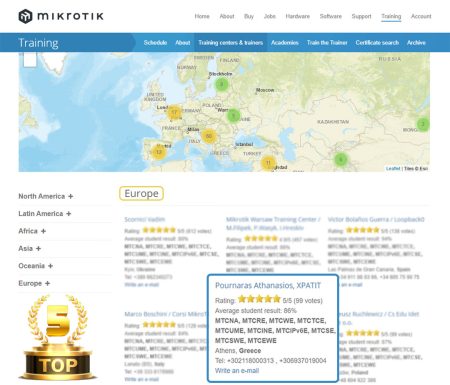 Η XPATIT στην 5η θέση πανευρωπαϊκά στα εκπαιδευτικά κέντρα MikroTik – Μια κορυφαία διάκριση για την Ελλάδα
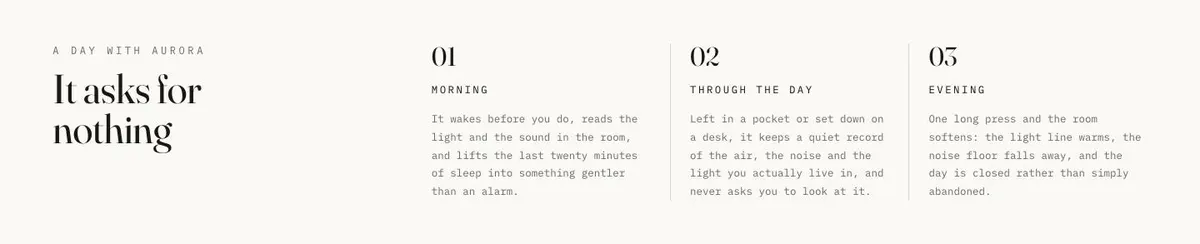 Frosted Glass template — Day section
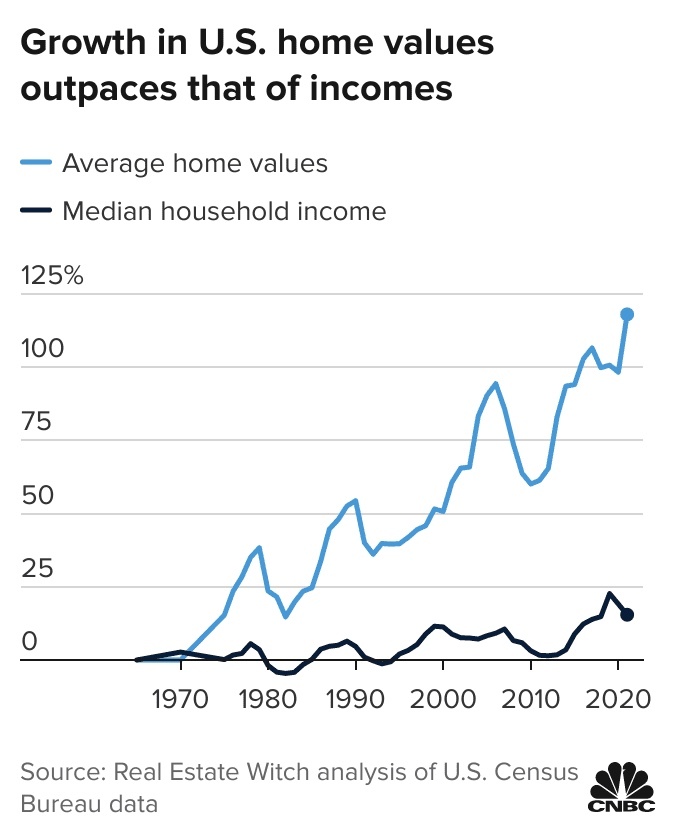 What’s your opinion on the record number of young adults 18-29 still living at home with their parents due to inflation and rise in housing markets?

--------

What is needed:
Reproduce the material above exactly but drop all images.

Response below:
 Η XPATIT στην 5η θέση πανευρωπαϊκά στα εκπαιδευτικά κέντρα MikroTik – Μια κορυφαία διάκριση για την Ελλάδα
 Frosted Glass template — Day section
 What’s your opinion on the record number of young adults 18-29 still living at home with their parents due to inflation and rise in housing markets?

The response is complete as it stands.